Intermediate Hurling

Kilburn Gaels manager Tom Bergin knows his team must be equally weary of a Mullinavat team who fended off a resolute challenge from Kiltale of Meath at the weekend: “They’ll all be good hurlers. There are a couple of players that played in the Kilkenny minors that won the All-Ireland, one is corner forward John Walsh who scored 2-5 in the final.

“They have been going well enough. I think early on in Kilkenny, they were lucky in a game or two but they have been impressive enough from the semi-final on. They’re obviously a good side. They will be very strong and competitive, typical of Kilkenny hurling.

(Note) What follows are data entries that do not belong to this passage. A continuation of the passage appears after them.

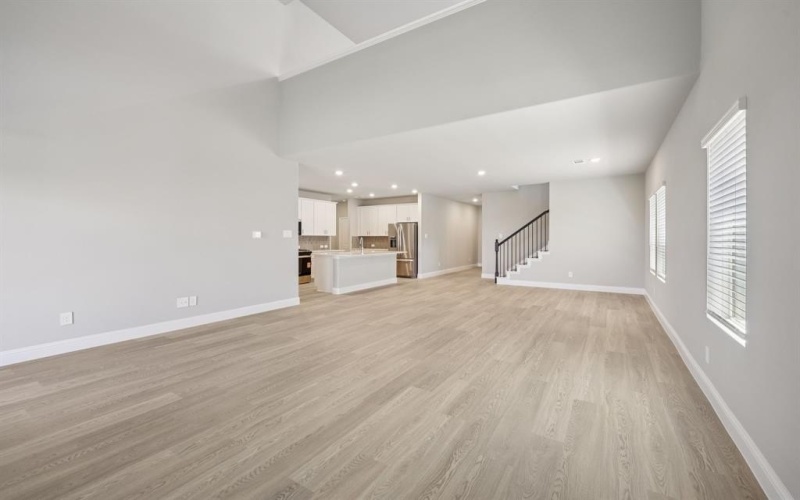 519 Midnight Oak Drive, McKinney, TX 75069, 5 Habitaciones Habitaciones , ,3 BañosBaños,Residential,En Venta,519 Midnight Oak Drive,0,21016615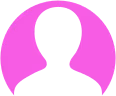 Purple emote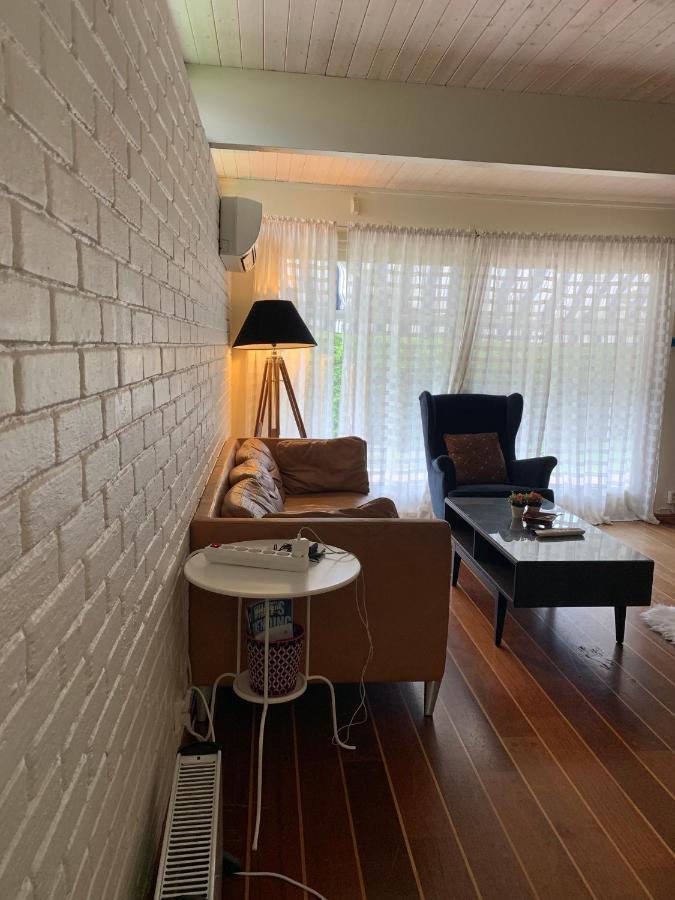 Skarer Veie 58 Apartman Lorenskog Kültér fotó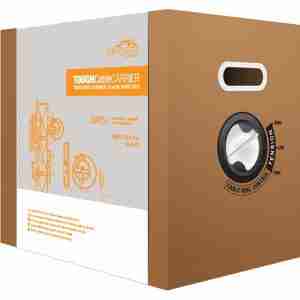 Ubiquiti Networks TC-CARRIER TOUGHCable Carrier
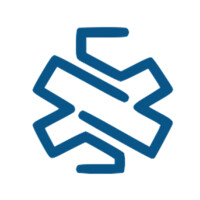 Optimus Medical Ltd Logo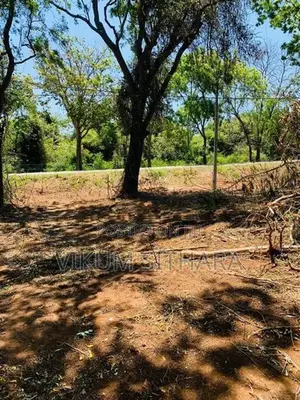 Land for Sale in තණමල්විල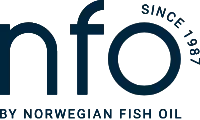 NFO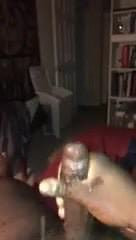 cumming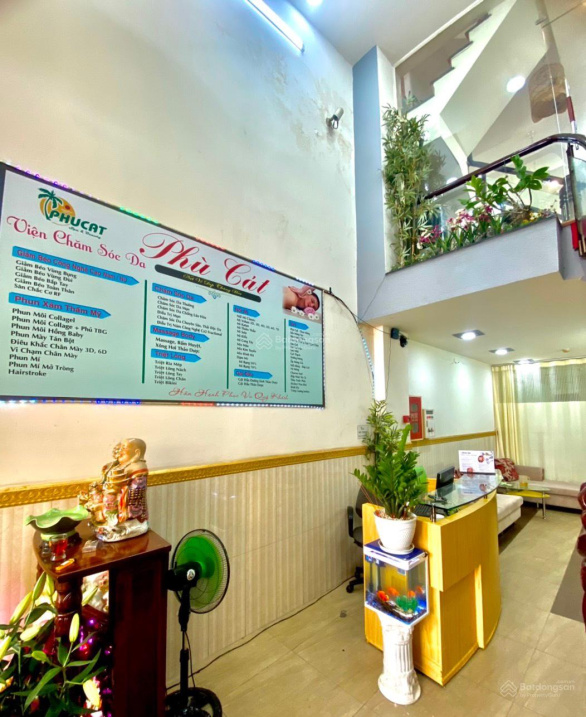 3889320 ảnh đại diện 1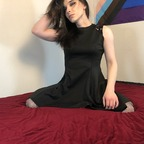 View vanessa_dark (Vanessa 18+) OnlyFans 211 Photos and 32 Videos leaked 

 profile picture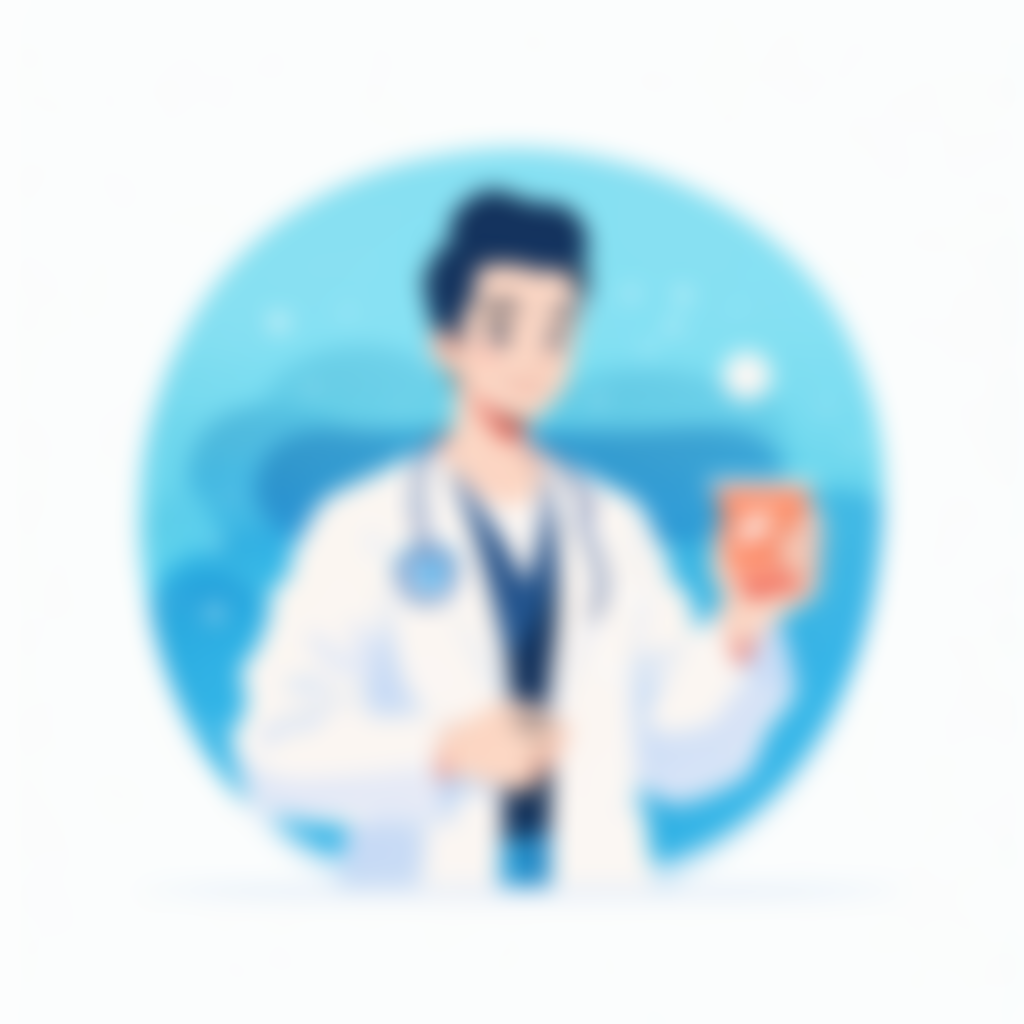 骆豫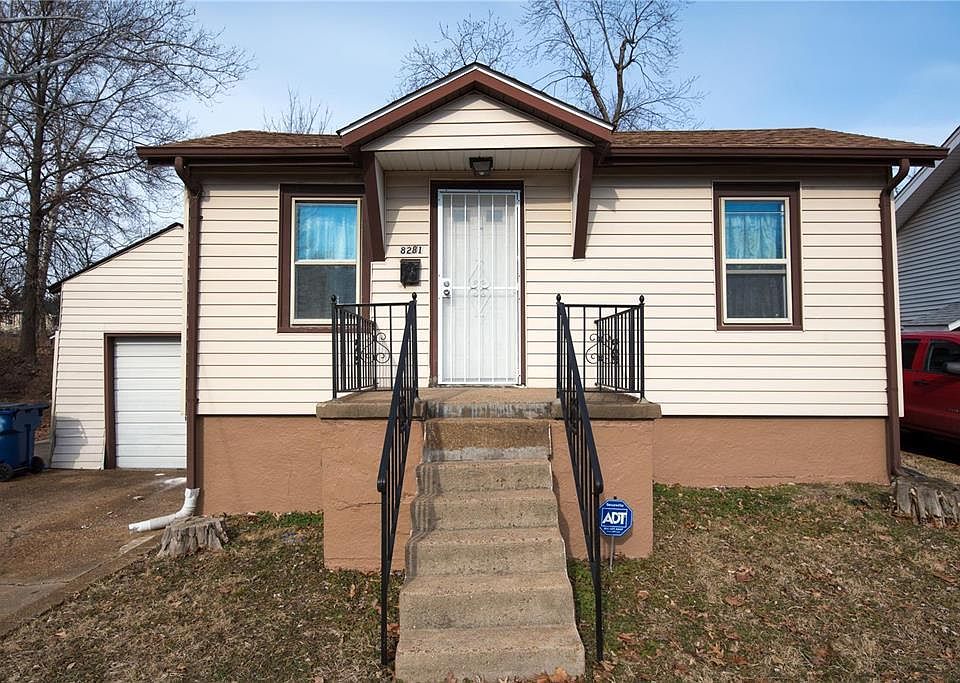 1st image of 8281 Albin Ave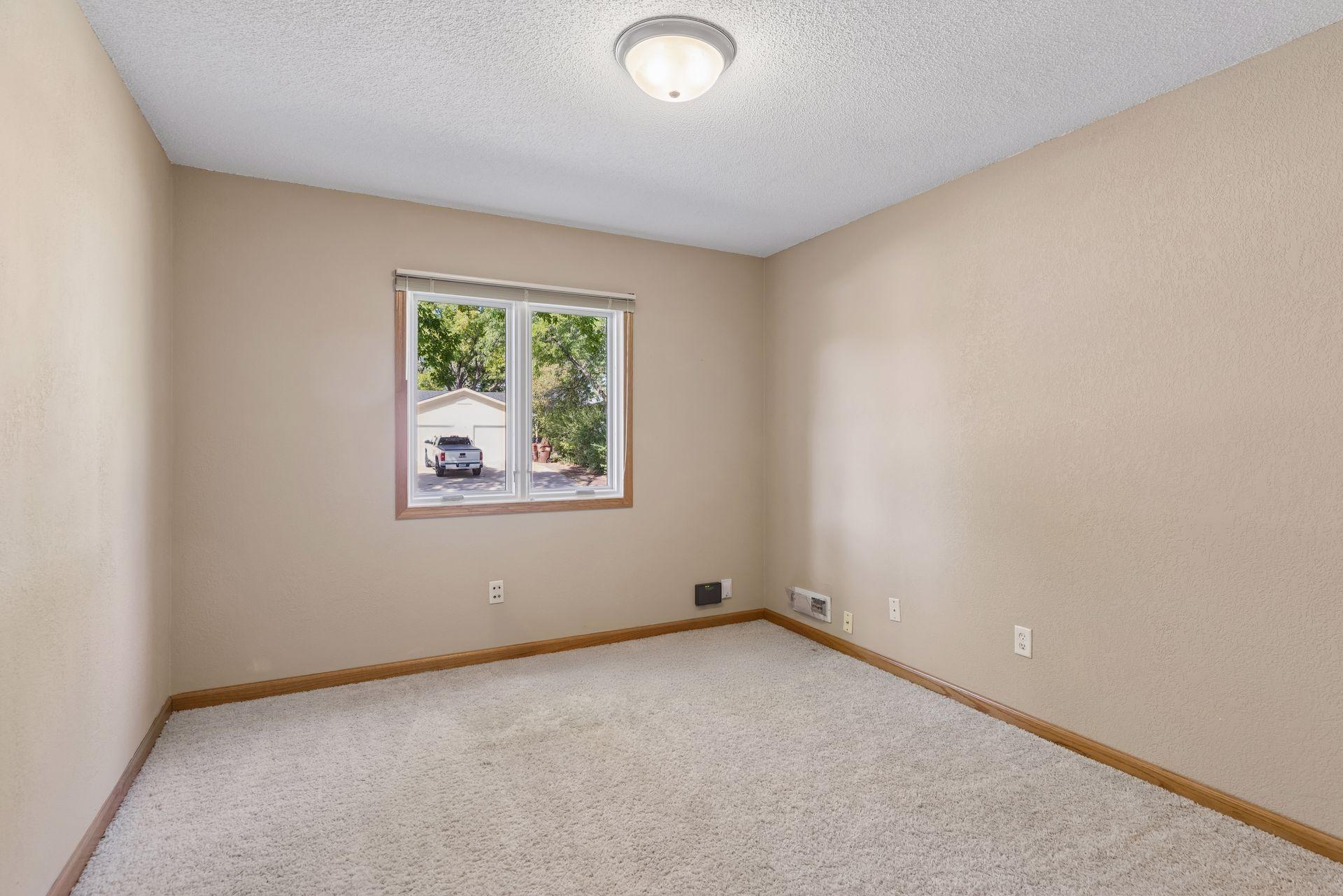 View of Residential at 7817 73rd Street, Cottage Grove MN 55016, Cottage Grove (19 of 40) - Mike Wilen | Minnesota Team Real Estate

“They will have plenty of games on us as well. That’s going to be kind of our downfall: Lack of game time. Whether it goes against us or not, I don’t know but we’ll see anyway.

“It’s hard because we only had two games, the league final and the Ryan Cup final and then we got three walkovers. We’re going to be seriously lacking in match practice while Mullinavat have had the Kilkenny championship and two games in Leinster. They’ve probably had six or seven games in the time that we’ve only been playing two. Hopefully it doesn’t count against us too much.

“We’ll see, we’ll give it our best shot and hopefully it’s good enough. If it’s not, it’s not. We’ll see after that.”